平塚の街を、闇よりも黒い影の集団がコンクリートの地面から現れる。人型のフォルムをしたそれは、人間の負の感情が具現化した存在。人の形をしていながら、人を嫌い、憎み、襲わずにはいられない。シャドウと呼ばれているが、存在を知る者はごく一部にしかいない。
 そんなシャドウが人々を襲い出す。人間をみつけると衝動的に怒りをぶつけずにはいられない。東京ほどの都会でもないが、人通りはそれなりにある平塚駅の周辺には、寒空の下、コートに身を包んだ人々が歩いていた。
 最初に襲われたのは高校生の少年だった。地面からグニュッと現れたシャドウに驚いた瞬間、顔を殴られていた。それをきっかけに、次々とシャドウ達は現れて、人々を襲っていく。
「シャドウ達待つのです」
 ぽわ~んとした可愛らしい声で、シャドウ達の動きを止める美少女。彼女の名前はあきら。肩にかかるきれいな黒髪を風になびかせ、優しい瞳の中に正義の炎を燃やして、シャドウ達に、人差し指を突きつける。

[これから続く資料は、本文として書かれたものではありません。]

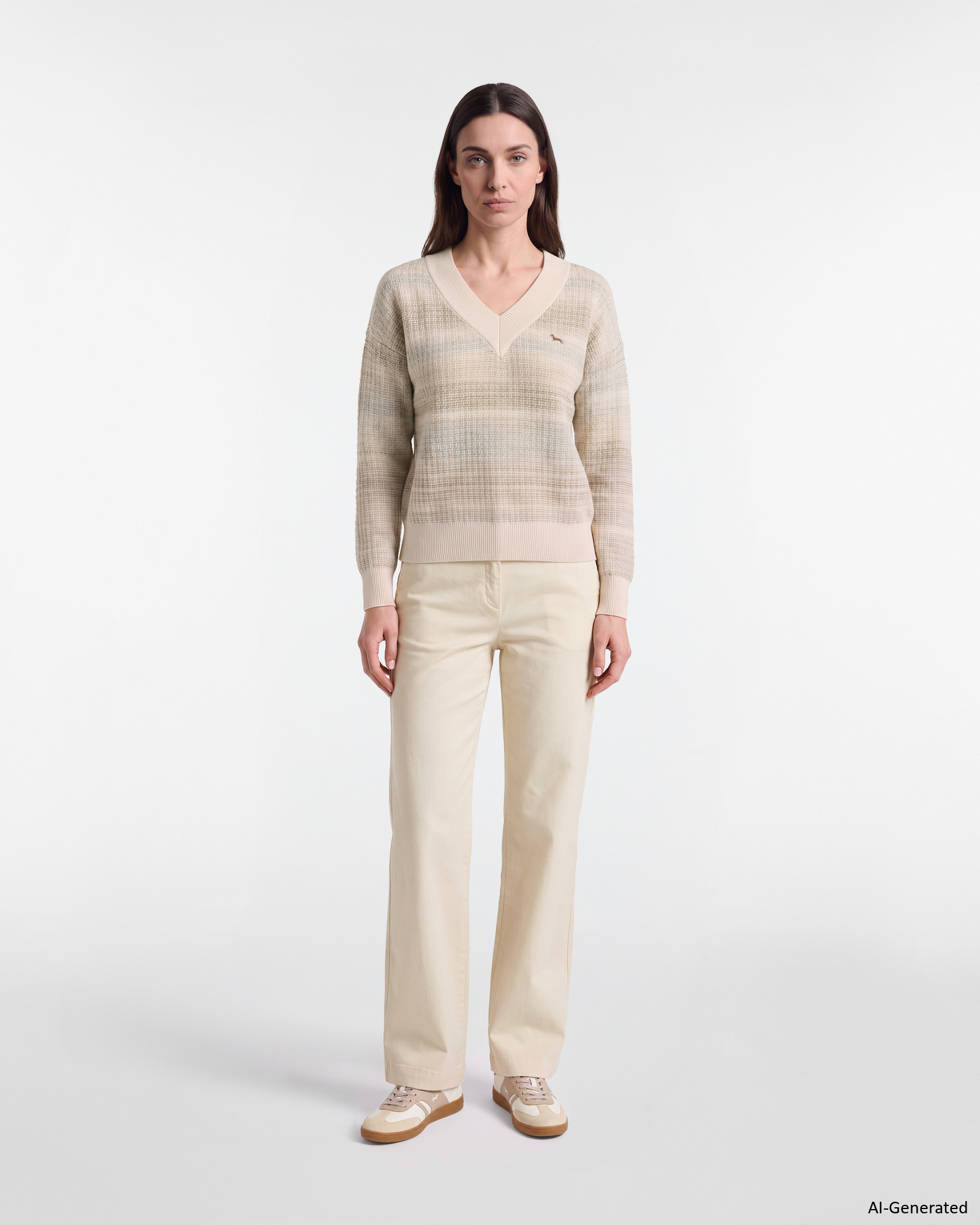 Women's Made in Italy deep V-neck pullover 100% pure wool, TAUPE, large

 シャドウ達はあきらの方に向かう。あきらは顔を殴ってきたシャドウをしゃがんでかわし、下段蹴りを入れてシャドウを倒す。腹部に蹴りを決めて、自分の気持ちが届かなかったことに、やるせない思いがつのる。
「やっぱり戦わなきゃダメなのですね」
 あきらの願いもむなしく、襲ってきたシャドウの攻撃をかわして、思わず呟いた。直後にため息混じりの美少女が現れる。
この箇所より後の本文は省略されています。